A verbatim transcript of the data that follows, free of images, is the expected result.

• _Dataset section_
Content starts

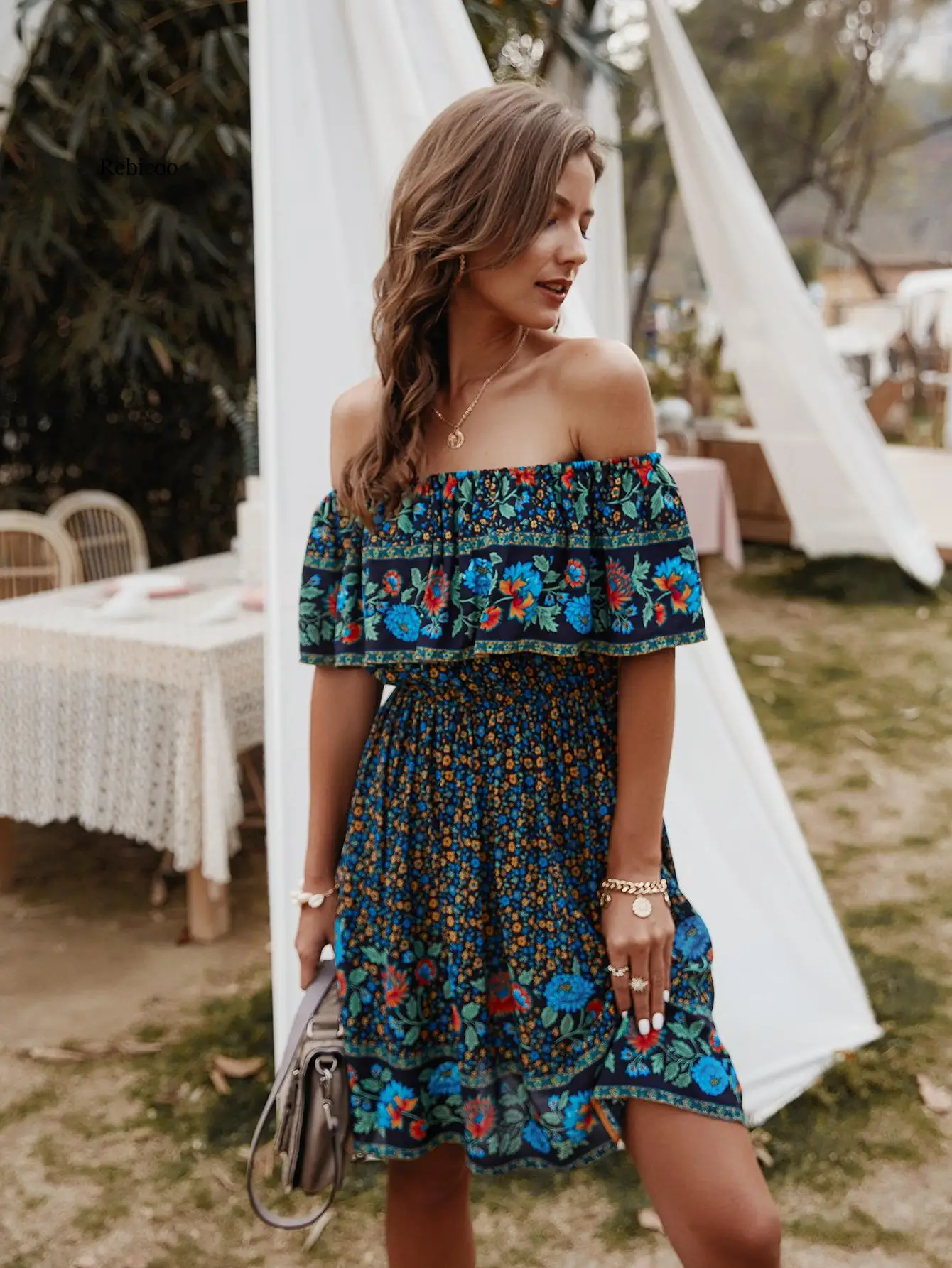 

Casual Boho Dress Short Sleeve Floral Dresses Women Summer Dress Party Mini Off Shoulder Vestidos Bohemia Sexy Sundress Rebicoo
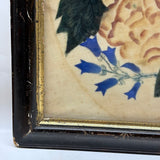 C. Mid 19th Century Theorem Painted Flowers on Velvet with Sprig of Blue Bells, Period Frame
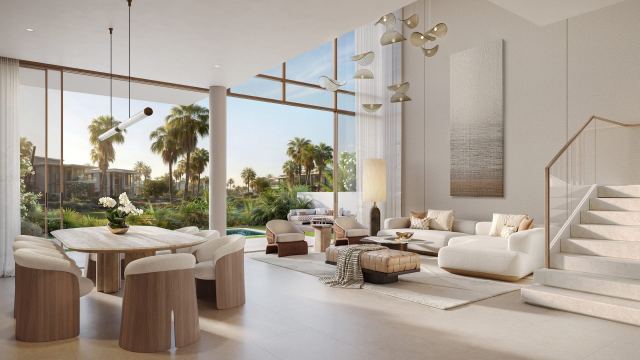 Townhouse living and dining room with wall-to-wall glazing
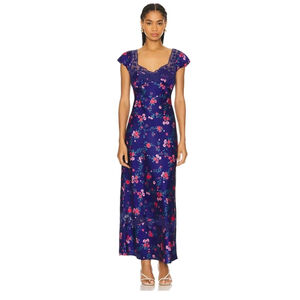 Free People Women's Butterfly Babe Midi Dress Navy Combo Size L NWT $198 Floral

Content ends

• _Answer below_
Casual Boho Dress Short Sleeve Floral Dresses Women Summer Dress Party Mini Off Shoulder Vestidos Bohemia Sexy Sundress Rebicoo
 C. Mid 19th Century Theorem Painted Flowers on Velvet with Sprig of Blue Bells, Period Frame
 Townhouse living and dining room with wall-to-wall glazing
 Free People Women's Butterfly Babe Midi Dress Navy Combo Size L NWT $198 Floral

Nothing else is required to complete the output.